Here is where I realized the other shortcoming of freshly treated wood. I am a huge fan of using wood glue during the assembly process. Before I put screws into any nice woodworking project, I always glue, clamp, and wait. It really helps avoid having the pieces move around on you as you drill/drive. It also just results in an overall sturdier build. Well with freshly treated wood, the wood is still wet, so the glue doesn’t really ever dry up, so for the first chair assembly, I ended up bailing on the glue all together because it didn’t seem to make a difference. For the second chair, I wised up and let the wood dry out in the sun for a day before gluing. So. Much. Better.

So with my chairs built, I began to yearn for a table. I struggled to find any plans online that I liked, so I ended up drawing the table myself in a CAD software and making my own plans (I know - this guy builds two chairs and he thinks he can already start designing furniture). Well my custom plans actually turned out great, so I wanted to share them with you. First off, you’ll need the following board sizes from your favorite lumber supply (or scrap pile):


  • (2) - 6’ 2x4-inch boards

  • (2) - 8’ 1x4-inch boards

  • The shortest 2x2-inch board you can find as you’ll only need an 8-inch long piece


Once you have all your boards, you’ll need to get them to size, so shown to the right are the necessary dimensions you'll need for your cuts. Once all of your cuts are made you will need the following tools and materials:


  • Circular Saw

  • Drill/Driver

  • Clamps (can never have too many)

  • 1-¼”, 2”, and 2-½” deck screws

  • Wood glue


I just want to state again - I always glue, clamp, and wait at least 15 minutes before drilling and driving. I would highly recommend you do the same for the reasons I discussed earlier. I've compiled the build into 4 steps which are documented in the diagrams below. I've laid out the plans in a specific order to avoid having to drive any screws from the top of the table. Gives it a real clean look which is sure to command plenty of "Ooh's" and "Ahh's" from your buddies.

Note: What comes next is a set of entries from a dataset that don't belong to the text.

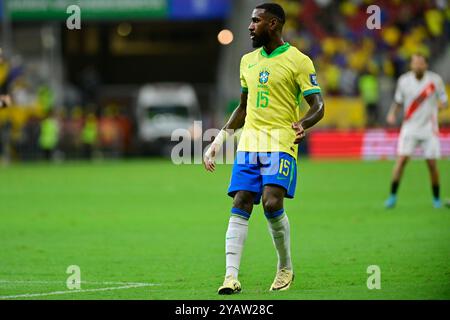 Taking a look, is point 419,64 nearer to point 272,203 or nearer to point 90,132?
point 272,203

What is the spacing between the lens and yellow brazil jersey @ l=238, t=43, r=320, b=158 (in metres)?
9.34

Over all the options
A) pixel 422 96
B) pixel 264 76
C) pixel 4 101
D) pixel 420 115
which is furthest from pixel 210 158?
pixel 420 115

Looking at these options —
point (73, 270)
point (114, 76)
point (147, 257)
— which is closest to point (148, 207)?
point (147, 257)

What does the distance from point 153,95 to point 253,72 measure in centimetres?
3160

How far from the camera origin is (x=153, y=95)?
4084 centimetres

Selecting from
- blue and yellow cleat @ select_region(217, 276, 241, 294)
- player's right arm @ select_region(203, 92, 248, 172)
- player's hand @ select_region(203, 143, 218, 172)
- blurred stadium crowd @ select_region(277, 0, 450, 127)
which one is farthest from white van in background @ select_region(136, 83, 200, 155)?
blue and yellow cleat @ select_region(217, 276, 241, 294)

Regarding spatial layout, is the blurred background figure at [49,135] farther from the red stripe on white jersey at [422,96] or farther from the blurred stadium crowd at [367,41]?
the red stripe on white jersey at [422,96]

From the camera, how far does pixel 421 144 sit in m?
18.2

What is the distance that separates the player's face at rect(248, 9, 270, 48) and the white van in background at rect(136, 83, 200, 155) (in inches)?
1221

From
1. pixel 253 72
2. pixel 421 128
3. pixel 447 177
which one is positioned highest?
pixel 253 72

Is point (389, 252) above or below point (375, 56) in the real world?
below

Now that all the construction is completed, you’ll probably want to throw some stain it. I’ll share how I prettied my table up: First I hit everything with 150 grit sandpaper. I wanted a dark stain, but I didn’t know how dark. I came to my decision by simply browsing the stain selection at the hardware store and choosing based on the color on the can. Don’t do this. I found that the color on the can may vary significantly. I would recommend searching for projects online which use the exact stain you are considering and choose based on the colors presented on actual projects. In my case, I ended up using Minwax’s Semi-Transparent Dark Walnut. Much darker than I originally intended, but I’ll be honest.... I dig it. Since it was so dark I only applied one coat and moved on to the finishing coat.

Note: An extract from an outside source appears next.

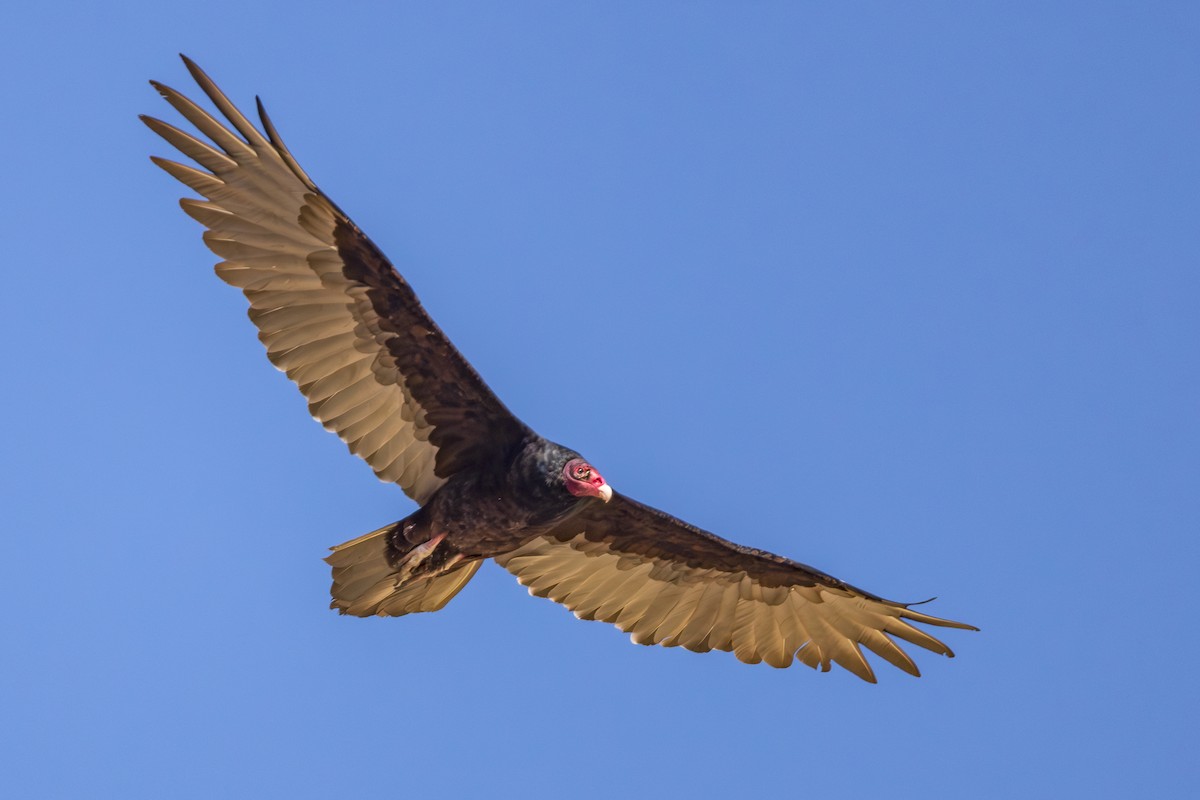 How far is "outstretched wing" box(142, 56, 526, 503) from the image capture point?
30.0 feet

For the finish, I used spar urethane since it will be an outdoor application (spar urethane is typically recommended for outdoors). I went with only two coats and smoothed with 220 grit sandpaper between coats and after the final coat. Beautiful.

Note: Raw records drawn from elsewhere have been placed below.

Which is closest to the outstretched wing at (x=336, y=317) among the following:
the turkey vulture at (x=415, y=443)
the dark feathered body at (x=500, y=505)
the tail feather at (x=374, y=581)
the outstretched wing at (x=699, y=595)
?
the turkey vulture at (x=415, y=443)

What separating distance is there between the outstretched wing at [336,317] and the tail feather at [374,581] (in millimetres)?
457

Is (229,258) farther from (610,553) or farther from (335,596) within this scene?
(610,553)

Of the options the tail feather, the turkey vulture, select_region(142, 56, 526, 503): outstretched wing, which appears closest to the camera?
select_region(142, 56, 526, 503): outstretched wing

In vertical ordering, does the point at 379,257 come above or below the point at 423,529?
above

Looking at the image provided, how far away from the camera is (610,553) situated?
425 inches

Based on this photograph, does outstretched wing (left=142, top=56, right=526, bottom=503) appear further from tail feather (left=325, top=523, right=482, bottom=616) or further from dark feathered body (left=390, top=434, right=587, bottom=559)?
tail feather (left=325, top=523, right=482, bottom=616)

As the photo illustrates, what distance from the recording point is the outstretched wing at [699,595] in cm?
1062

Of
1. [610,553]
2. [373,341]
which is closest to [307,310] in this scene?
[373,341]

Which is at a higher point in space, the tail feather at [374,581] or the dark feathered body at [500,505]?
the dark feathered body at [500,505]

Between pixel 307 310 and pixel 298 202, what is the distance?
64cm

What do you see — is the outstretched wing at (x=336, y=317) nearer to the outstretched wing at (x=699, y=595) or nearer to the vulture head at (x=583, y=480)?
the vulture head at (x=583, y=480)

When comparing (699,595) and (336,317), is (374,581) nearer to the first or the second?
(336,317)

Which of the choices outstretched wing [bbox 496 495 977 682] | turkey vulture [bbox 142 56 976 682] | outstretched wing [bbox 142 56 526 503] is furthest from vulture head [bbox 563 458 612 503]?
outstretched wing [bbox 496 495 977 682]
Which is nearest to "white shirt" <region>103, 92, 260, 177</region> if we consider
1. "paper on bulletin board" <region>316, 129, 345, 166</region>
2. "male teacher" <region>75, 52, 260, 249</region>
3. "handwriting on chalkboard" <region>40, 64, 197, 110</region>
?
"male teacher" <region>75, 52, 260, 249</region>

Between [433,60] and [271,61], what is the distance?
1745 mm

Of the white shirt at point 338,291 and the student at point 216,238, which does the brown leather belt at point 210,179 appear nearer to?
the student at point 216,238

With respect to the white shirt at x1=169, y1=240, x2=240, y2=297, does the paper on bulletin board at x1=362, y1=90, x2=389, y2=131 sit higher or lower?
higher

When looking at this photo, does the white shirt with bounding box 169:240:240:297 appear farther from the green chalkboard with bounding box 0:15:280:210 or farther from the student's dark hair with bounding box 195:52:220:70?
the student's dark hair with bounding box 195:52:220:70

And there you have it. My first set of patio furniture, and more importantly my first project. I had a regular (non-lake) house, and as I laid out earlier: Regular House + Adirondack Chairs = Lake House. So with the addition of these chairs, I am happy to share that I am now the proud owner of one lake house! Also everyone knows how expensive lake houses are, so I can’t wait to see this change reflected in my property value.